Cet essai est dédié à son Altesse Sérénissime, le prince Louis-Frédérich de
Schwartzbourg.
En cette fin du XVIIIe siècle, Genève est une ville très cosmopolite
ouverte aux intellectuels et aux scientifiques. Colondre, citoyen de cette ville, pratique
probablement la langue anglaise et son seul mérite est de citer John Hunter (1728-1793),
premier anatomiste moderne, auteur de The natural history of the human teeth (1771),
et de Practical treatise on the diseases of the teeth (1778). Il n'en a
malheureusement pas retenu le plus novateur.
S'adressant au Public, ses principaux objectifs sont : guérir
les parens d'une insouciance trop générale, & quequefois funeste, sur les soins à prendre
des dents de leurs enfans. (...) Pour les Dames,(...) conserver un de leurs
ornements, celui qui donne tant de grâce à leur sourire (...).
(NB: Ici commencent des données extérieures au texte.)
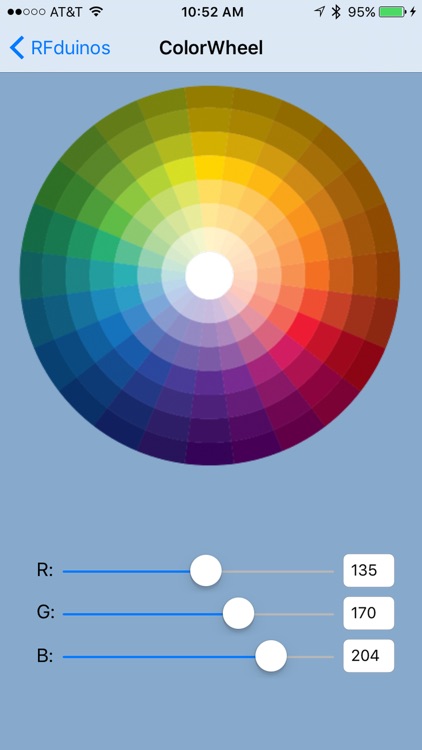 RFduino ColorWheel Sample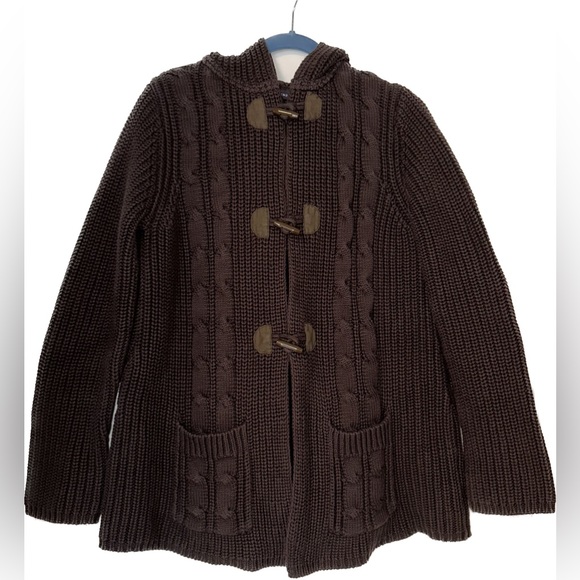 Lands' End Sweaters Lands End Cardigan With Hood Poshmark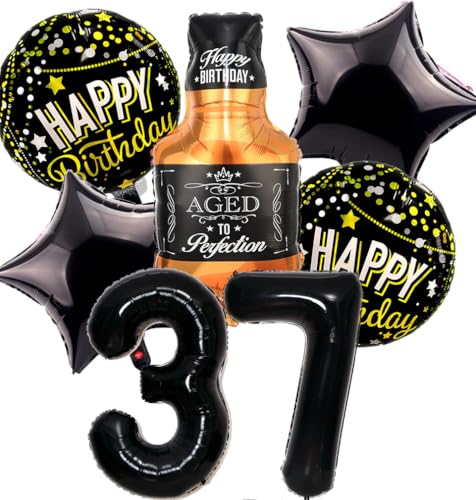 Feelairy Luftballon 37. Geburtstag Mann, 37 Geburtstag Deko Schwarz Ballons Whiskey Deko 37. Geburtstag Frauen, Geburtstagsdeko 37 Jahre Männer, Ballon Weinflasche Deko zum Geburtstag Frau 37 Feelairy Luftballon 37. Geburtstag Mann, 37 Geburtstag Deko Schwarz Ballons Whiskey Deko 37. Geburtstag Frauen, Geburtstagsdeko 37 Jahre Männer, Ballon Weinflasche Deko zum Geburtstag Frau 37 von Feelairy
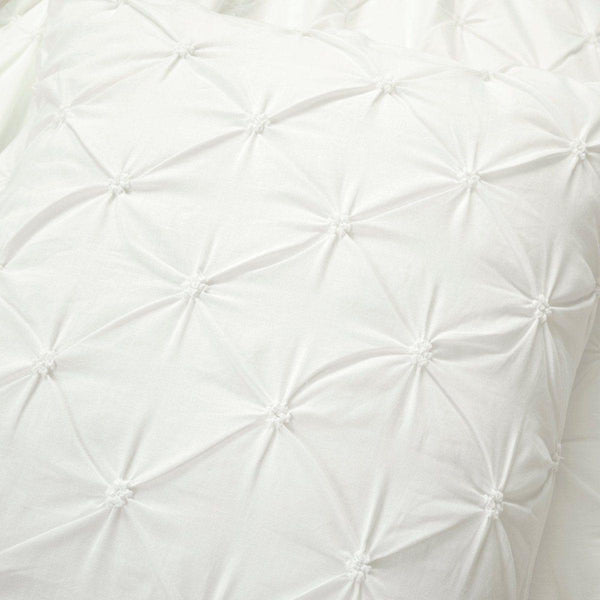Ravello Pintuck Cotton Comforter 3 Piece Set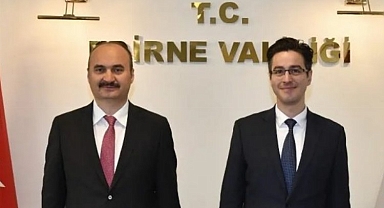 Bulgaristan Kültür Bakanı Atanasov, Vali Canalp’i ziyaret etti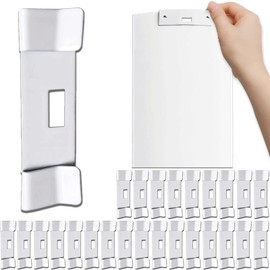 Vane Savers Vertical Blinds, 25 PCS Vertical Blind Repair Vane Savers, Metal Vertical Blind Repair Tabs for Vertical Blinds Replacement Slats, White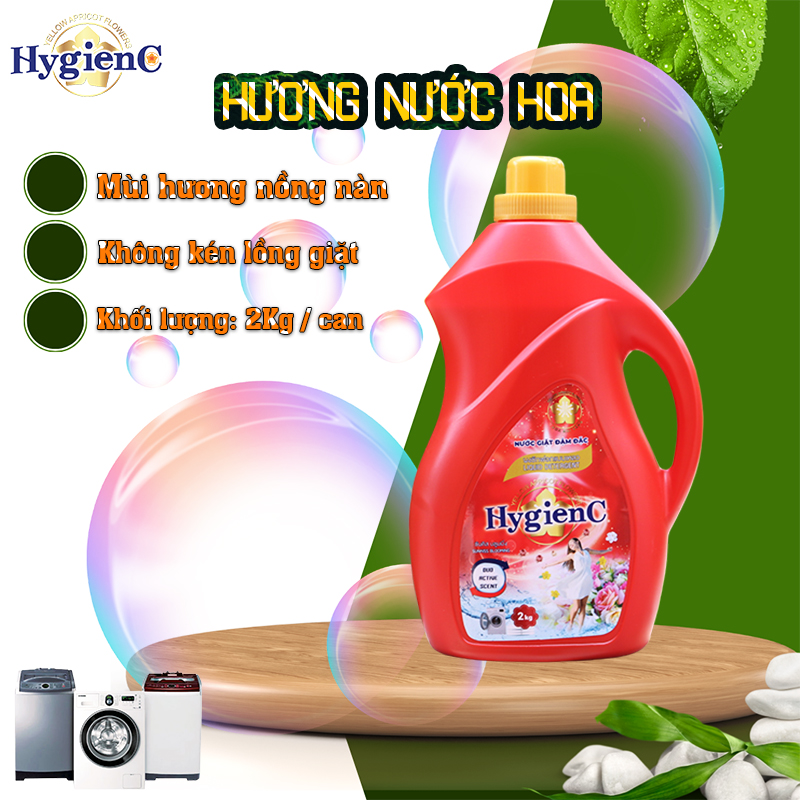 Nước giặt quần áo đậm đặc HygienC công nghệ thái lan - 2000ml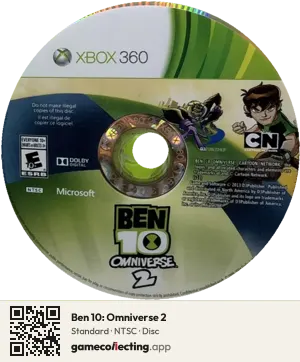 Ben 10: Omniverse 2 Xbox 360, NTSC disc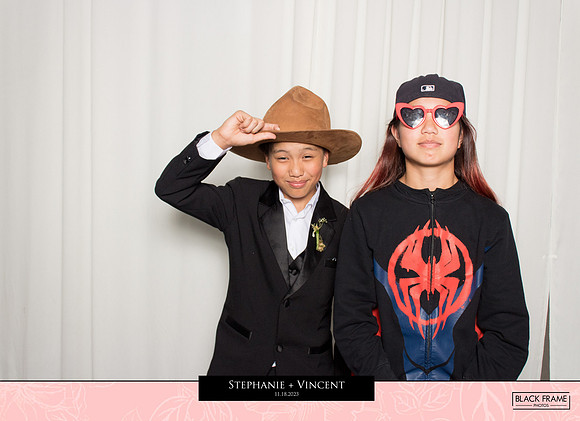 20233 - Stephanie + Vincent Wedding Photobooth 2023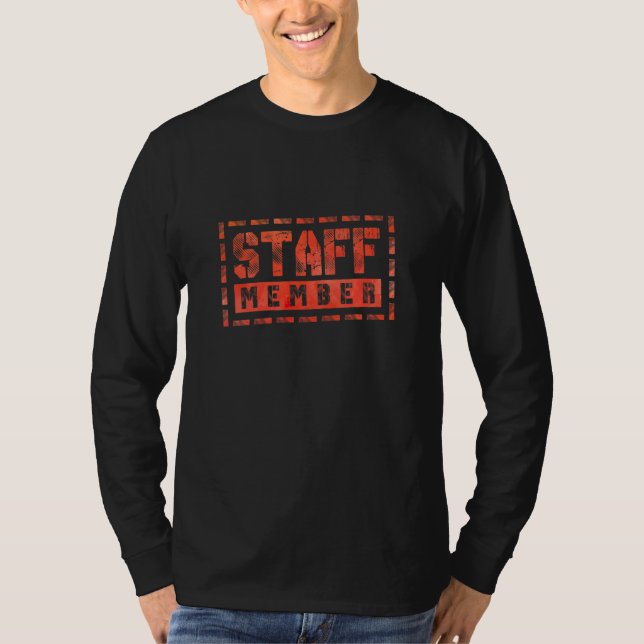 Personal Member Crew Group Team T Shirt (Framsida)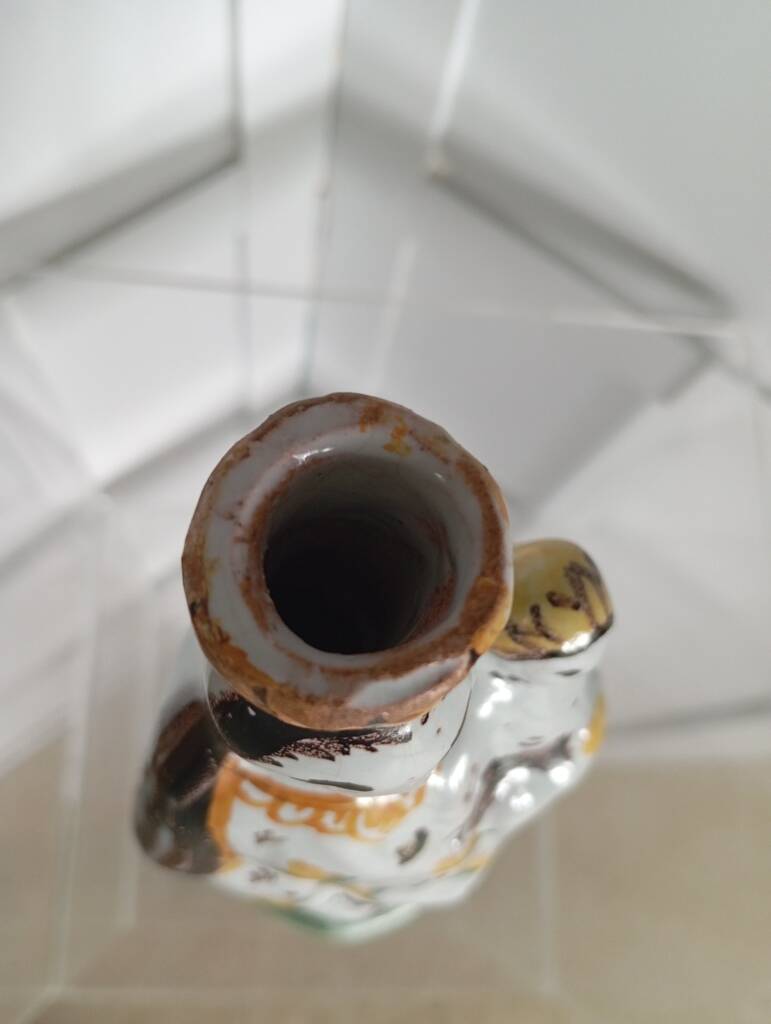 Virgin and Child in polychrome earthenware, 18th century, Nevers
Je promets au Lecteur
de la simplicité dans le stile, de la clarté dans les idées, du zèle dans la recherche des
remèdes à ses maux; je lui demande à mon tour de l'indulgence.
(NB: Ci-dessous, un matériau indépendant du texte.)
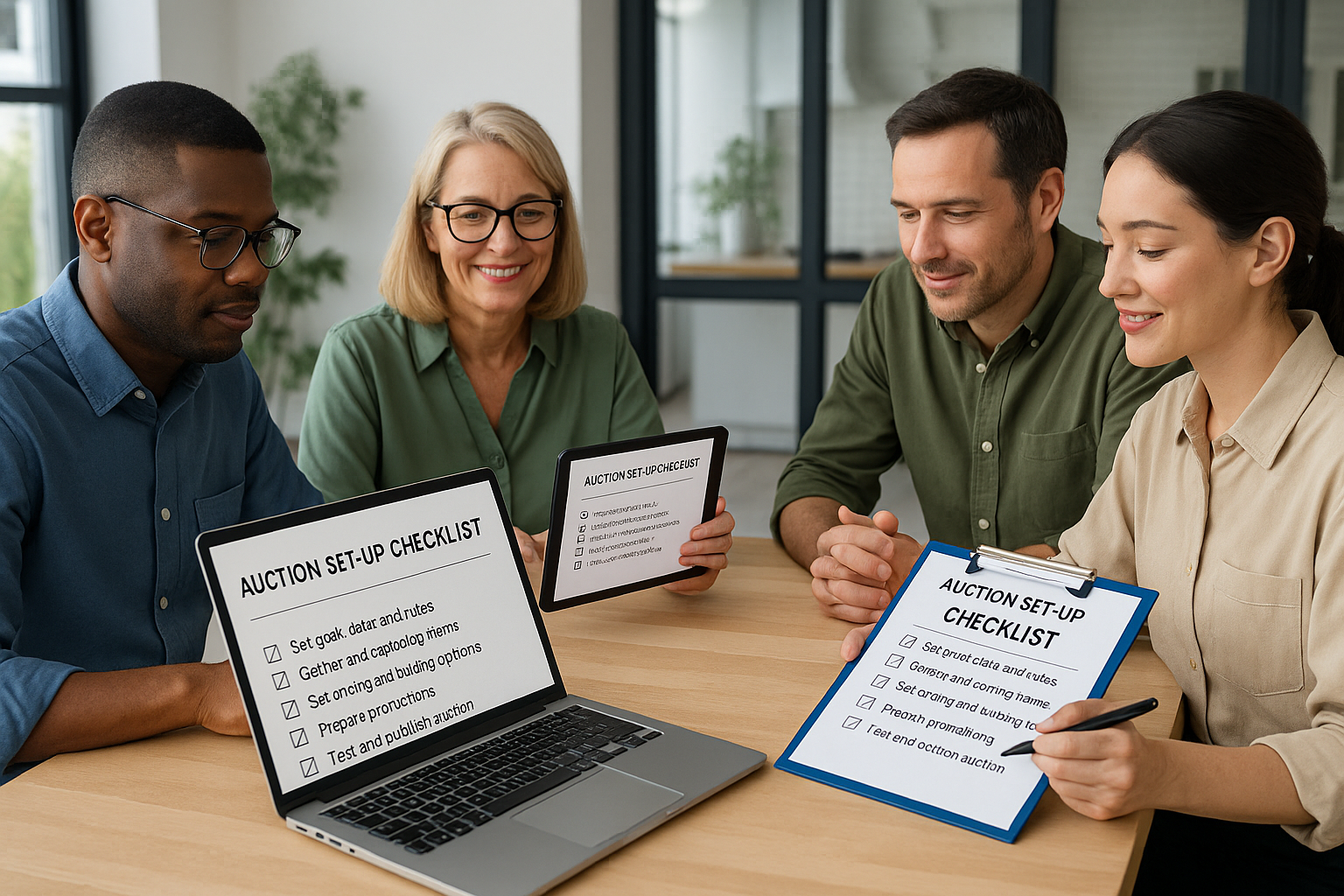 Auction Set-Up Checklist for Nonprofits & Fundraising Events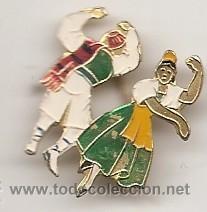 Pins de colecci&oacute;n: Antigua insignia de alfiler. Jota aragonesa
Colondre est sans aucun doute jeune en 1791 puisqu'il écrit : On sera
peut-être étonné que n'ayant pas vieilli dans l'art du Dentiste, j'ose offrir au Public cet
ouvrage. Mais si l'on réfléchit que je m'y suis voué par goût, que je pratique cet art avec
plaisir, que je l'étudie avec délices, l'on concevra pourquoi je me hasarde à publier ce
faible essai (p. VI-VIII).
Aucune notice bibliographique sur cet auteur qui semble, à juste titre,
être resté confidentiel hors les murs de Genève.
L'ouvrage comporte 132 pages.
On retiendra ça et là quelques phrases édifiantes sur le ton de
l'ouvrage.
À propos de l'émail : appelé encore périoste, coiffe, croûte;
on le croit composé d'une infinité de petites fibres dont l'accroissement se fait comme
celui des ongles (...). Un chirurgien, nommé Monro, assurait qu'en injectant les vaisseaux
des dents des enfants, il les colorait à son gré. M. Hunter était persuadé que l'émail
n'avait pas de vaisseaux, & que nulle injection ne pouvait les teindre. Je crois avoir
observé que M. Hunter avait raison (p. 4).
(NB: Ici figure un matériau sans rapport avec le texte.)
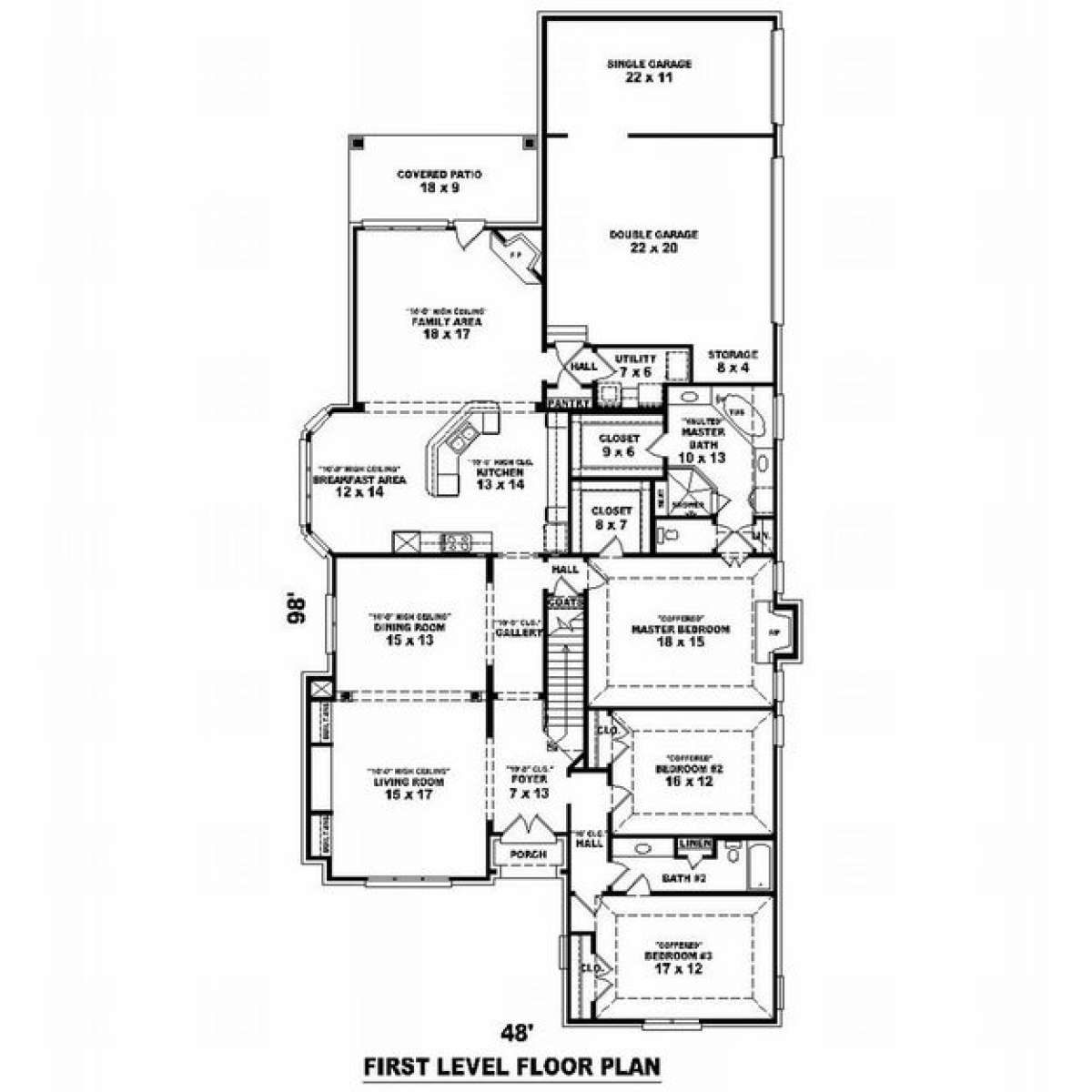 Floorplan 1 for House Plan #053-02006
Au chapitre De la division des Dents, il rapporte que les dents ordinairement divisées en trois classes, incisives, canines et molaires, le
sont par Hunter en quatre classes, [lequel] laisse le nom d'incisives aux quatre dents
du devant de la Mâchoire; il donne aux canines celui de cuspidati ou pointues, aux
deux molaires qui touchent les canines celui de biscupidati ou à deux pointes, & ne
donne le nom de molaire qu'aux trois dernières dents de chaque côté. On les divise encore
en incisives, canines, petites molaires, grosses molaires & dents de sagesse. Nous suivrons
ici la division ordinaire (p. 9-10). Tout est dit.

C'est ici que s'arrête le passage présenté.